==== Exercise input
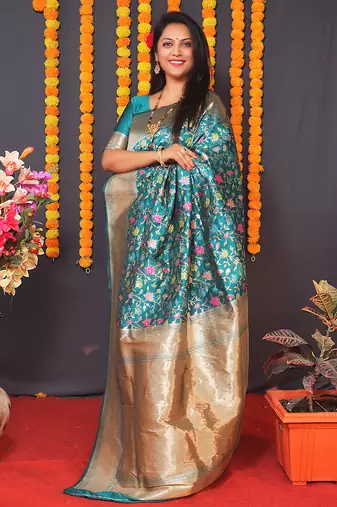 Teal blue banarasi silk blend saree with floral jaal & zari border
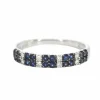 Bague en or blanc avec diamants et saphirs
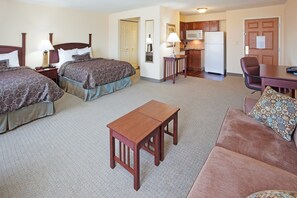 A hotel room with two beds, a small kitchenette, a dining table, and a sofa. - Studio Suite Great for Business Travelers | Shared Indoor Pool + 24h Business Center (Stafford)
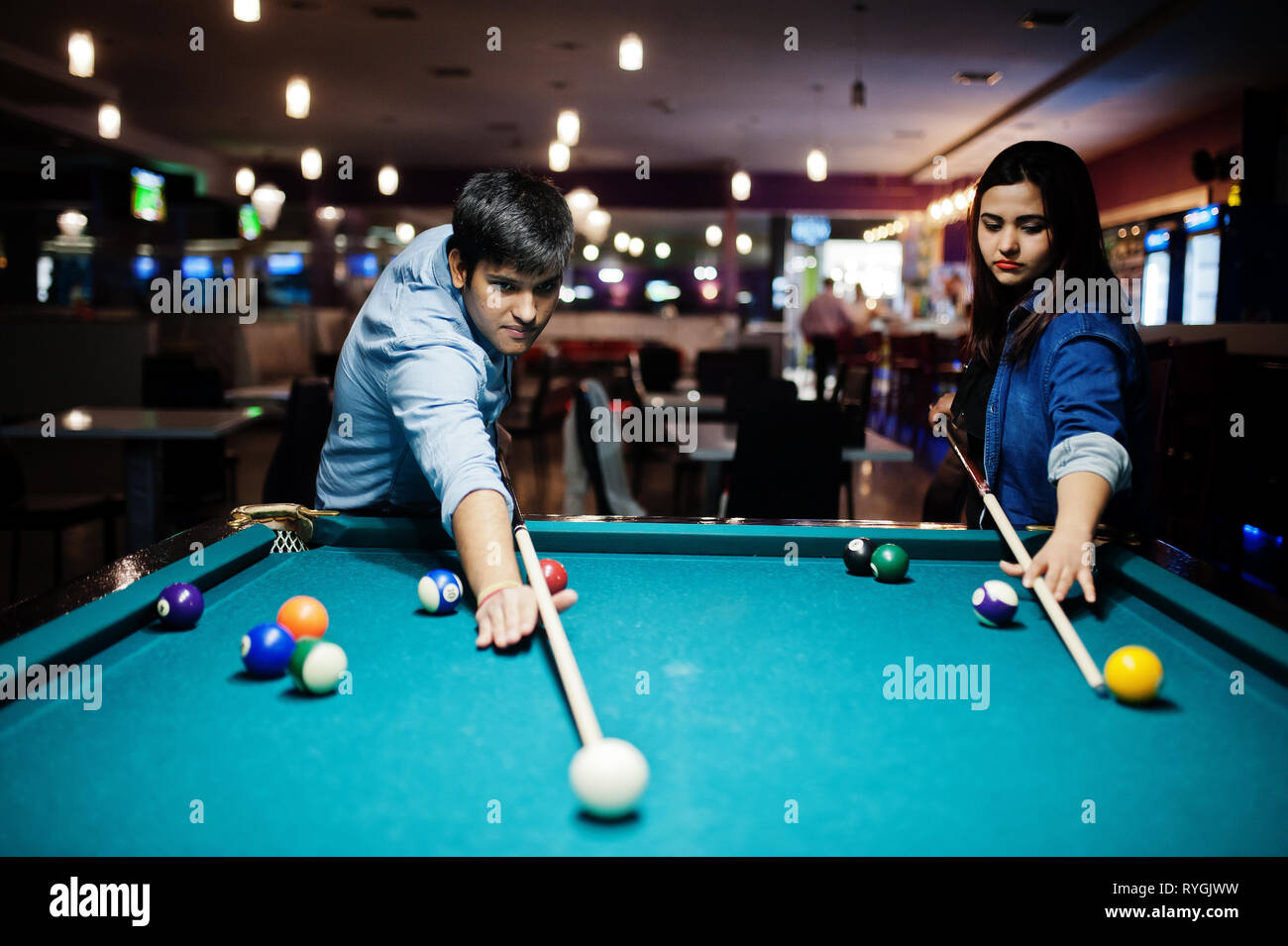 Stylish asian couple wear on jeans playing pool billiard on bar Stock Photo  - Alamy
========
==== Exercise input
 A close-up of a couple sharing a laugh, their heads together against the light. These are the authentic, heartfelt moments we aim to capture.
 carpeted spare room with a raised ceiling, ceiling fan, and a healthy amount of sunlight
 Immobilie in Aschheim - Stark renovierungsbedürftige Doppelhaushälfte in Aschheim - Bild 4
========
==== Exercise input
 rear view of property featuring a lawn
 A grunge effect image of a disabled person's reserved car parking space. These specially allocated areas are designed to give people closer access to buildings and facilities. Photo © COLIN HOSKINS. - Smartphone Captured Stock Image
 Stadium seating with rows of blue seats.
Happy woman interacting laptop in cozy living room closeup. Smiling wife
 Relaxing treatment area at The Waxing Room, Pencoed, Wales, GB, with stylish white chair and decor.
========
## Exercise brief
Starting at the line above that contains "A grunge effect", repeat each line exactly up to and including the line that contains "Relaxing treatment area", and stop there.

## Task result
 A grunge effect image of a disabled person's reserved car parking space. These specially allocated areas are designed to give people closer access to buildings and facilities. Photo © COLIN HOSKINS. - Smartphone Captured Stock Image
 Stadium seating with rows of blue seats.
Happy woman interacting laptop in cozy living room closeup. Smiling wife
 Relaxing treatment area at The Waxing Room, Pencoed, Wales, GB, with stylish white chair and decor.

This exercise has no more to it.